ComfyUI Image & Video Generation

Other

Generate images and videos via ComfyUI on local GPU. Supports Flux text-to-image, Wan2.1 text-to-video, and image-to-video.

Install

openclaw skills install comfyui-image-video

ComfyUI — Image & Video Generation

Use to generate images (Flux schnell) and videos (Wan2.1 T2V/I2V) on the local RTX 5080 GPU.

Environment

ComfyUI: ~/ComfyUI (systemd user service: comfyui.service)
Python venv: ~/comfyui-venv
API: http://127.0.0.1:8188
Output: ~/ComfyUI/output/

Script

{baseDir}/scripts/generate.py <mode> [options]

Mode: `image` — Text-to-Image (Flux schnell)
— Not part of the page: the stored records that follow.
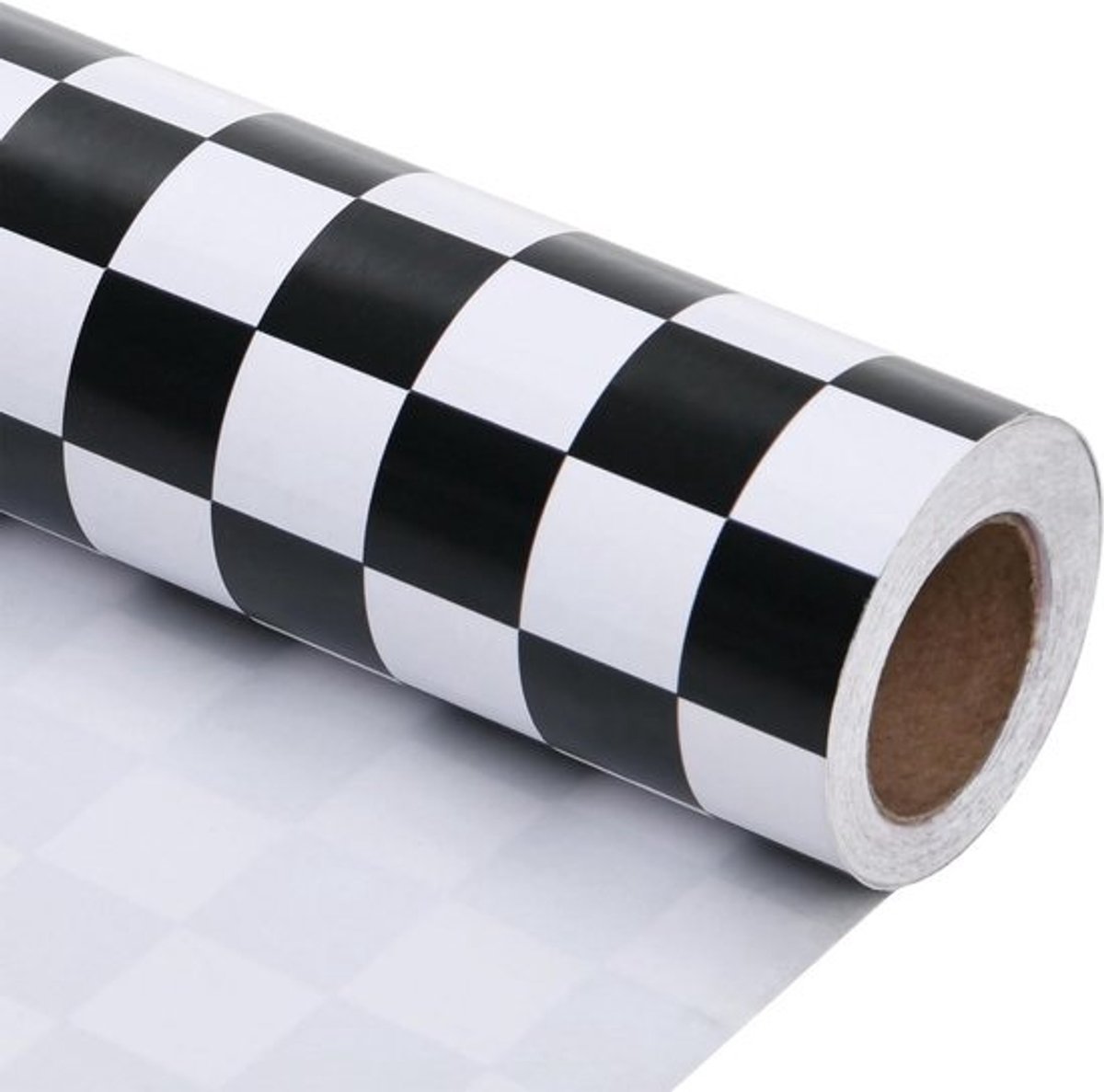Inpakpapier Rol Geruite Vlag Raceauto Thema - Ideaal voor Kinderverjaardagen en Feestdagen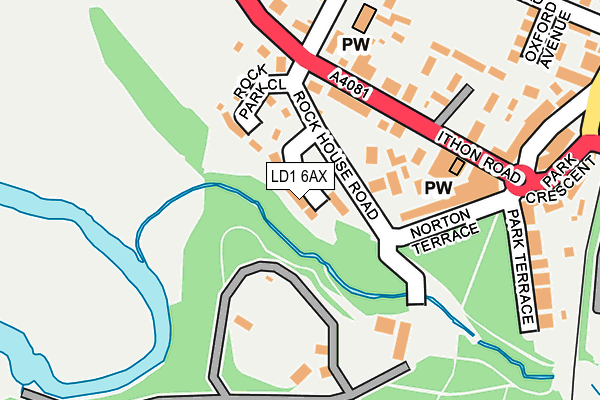 LD1 6AX map - OS OpenMap – Local (Ordnance Survey)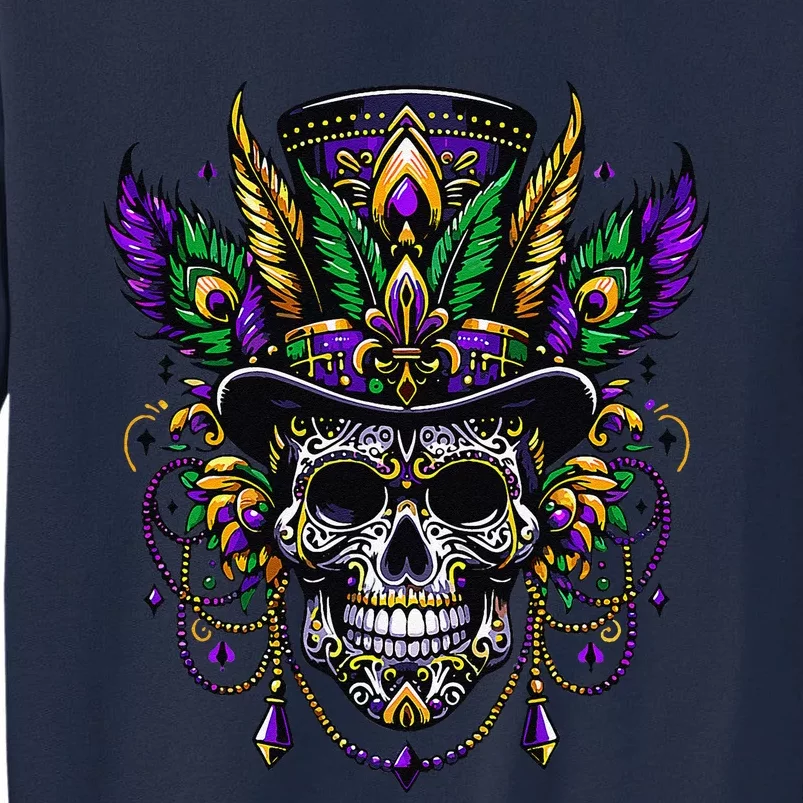 Mardi Gras Skull Top Hat New Orleans Witch Doctor Voodoo Tall Sweatshirt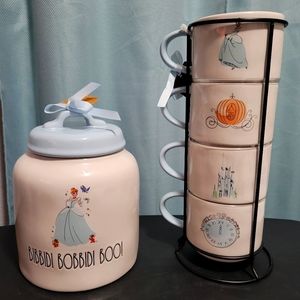 Rae Dunn Cinderella Mug Set and Jar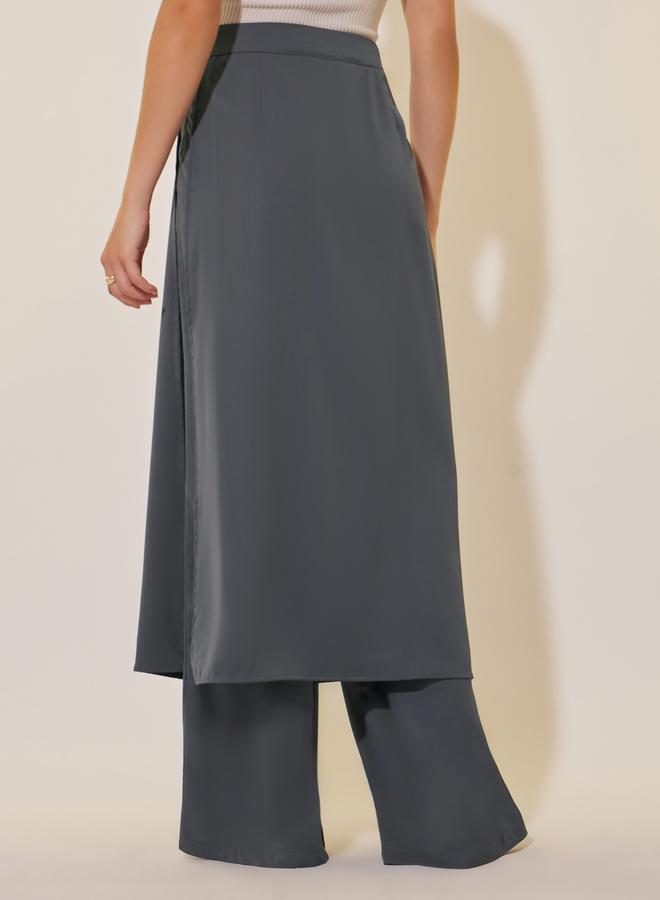Take Two Solid Wide Leg Layered Pants  - Image 4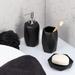 Evideco Diamond Stoneware Bathroom Soap Dish Cup Stone in Black | 1 H x 4 W x 5 D in | Wayfair 6480103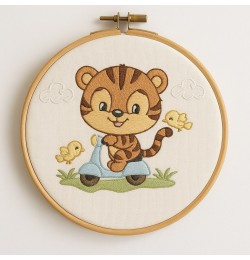Tiger on Scooter Embroidery Design Tiger on Scooter Embroidery Design
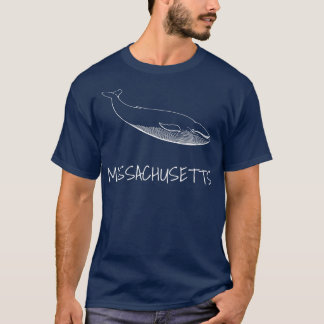 MASSACHUSETTSホエールウォッチングクジラ引用文 Tシャツ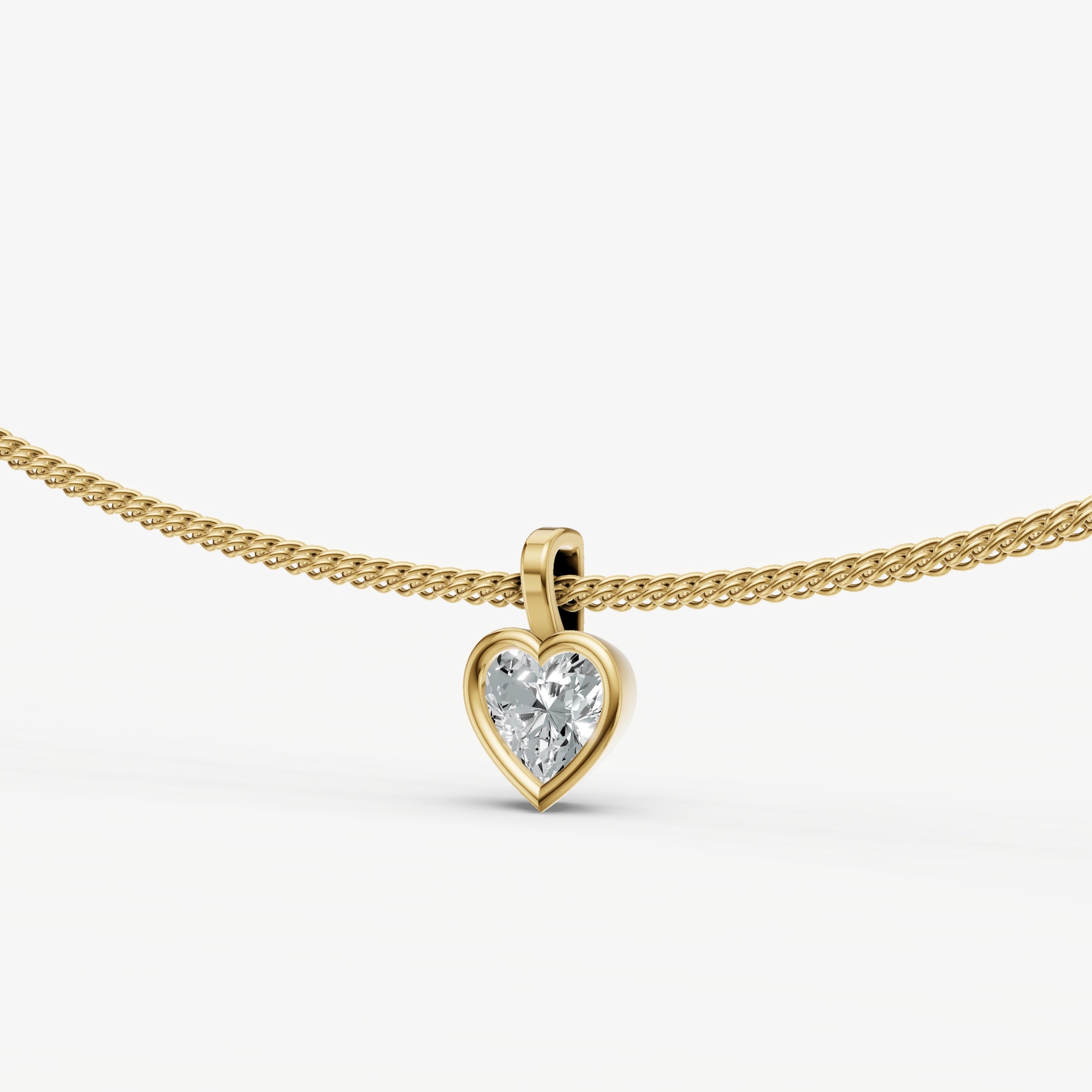 0.50ct Heart Bezel Set Diamond Pendant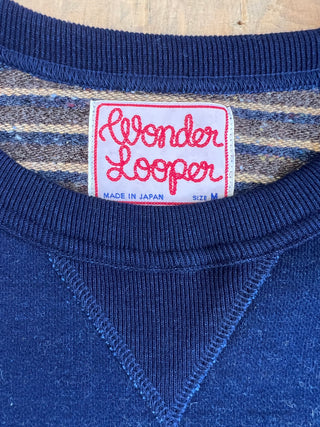Sudadera Fleeced Natural Real Indigo Wonderlooper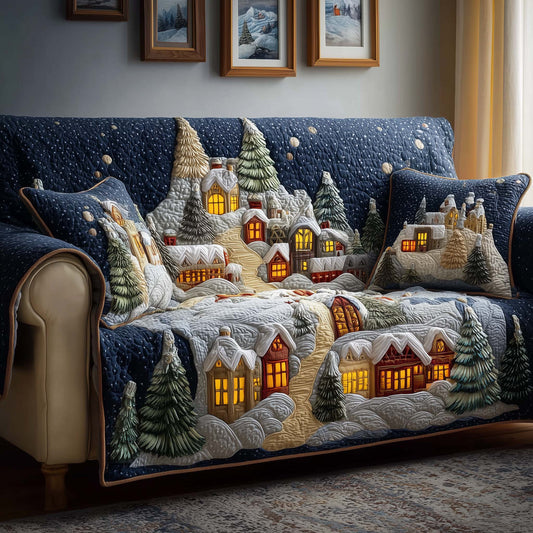 Winter Village Quilted Sofa Cover GFTOQM314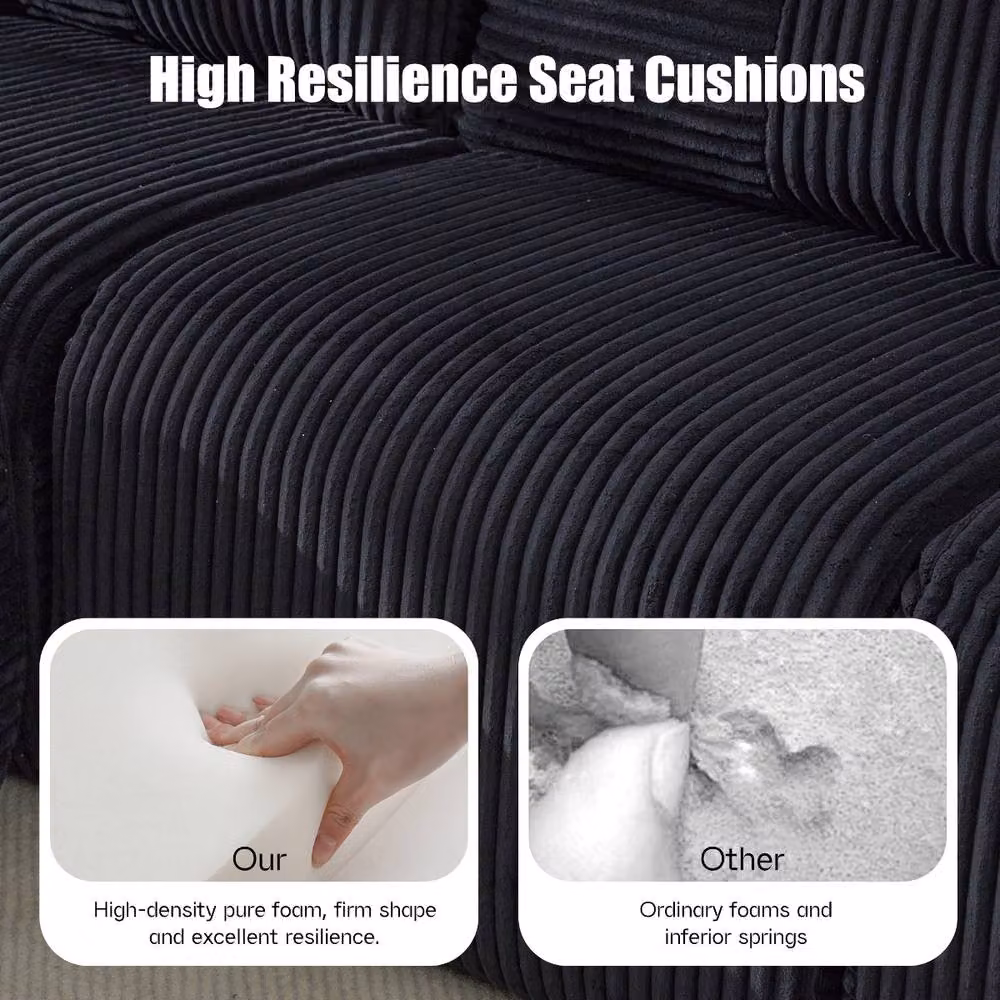 Rolipo Black 3-Seater Modular Cord Sofa with Matching Ottoman and Cup Holders – 5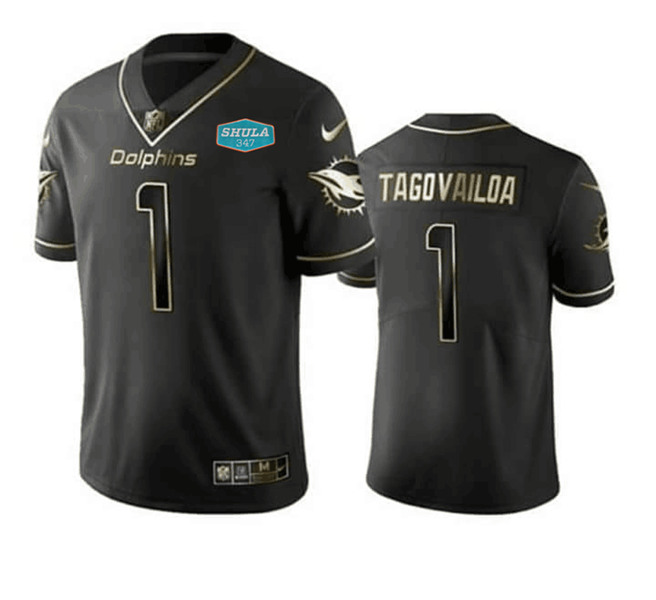 Miami Dolphins #1 Tua Tagovailoa 2020 Black With 347 Shula Patch Gold Limited Stitched Jersey - Zenithce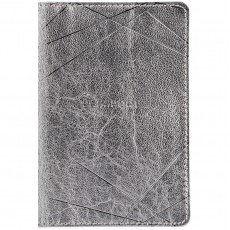 Обложка для паспорта OfficeSpace Silver, кожа, серебро, тиснение фольгой
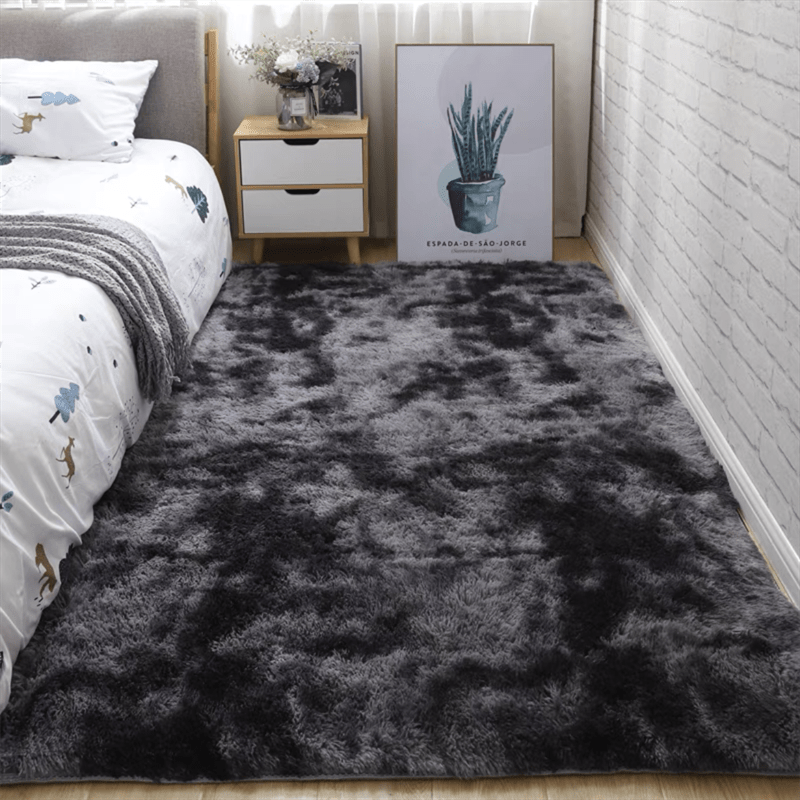 Tapis de Sol Shaggy Polyester Gris 60x90 cm – Antidérapant, Fibres Fines, Lavage Main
{baseDir}/scripts/generate.py image \
  --prompt "A cat on the moon" \
  --output /tmp/output.png

Option	Default	Description
`--prompt`	(required)	Text prompt
`--negative`	""	Negative prompt
`--width`	1024	Image width
`--height`	1024	Image height
`--steps`	4	Sampling steps (schnell optimized)
`--seed`	random	Reproducible seed
`--output`	ComfyUI output dir	Copy output here
`--model`	flux1-schnell.safetensors	UNET filename
`--weight-dtype`	fp8_e4m3fn	Weight quantization
`--wait`	120	Max wait seconds

Recommended Flux schnell params: steps=4, cfg=1.0, sampler=euler, scheduler=simple

Mode: `t2v` — Text-to-Video (Wan2.1 T2V-1.3B)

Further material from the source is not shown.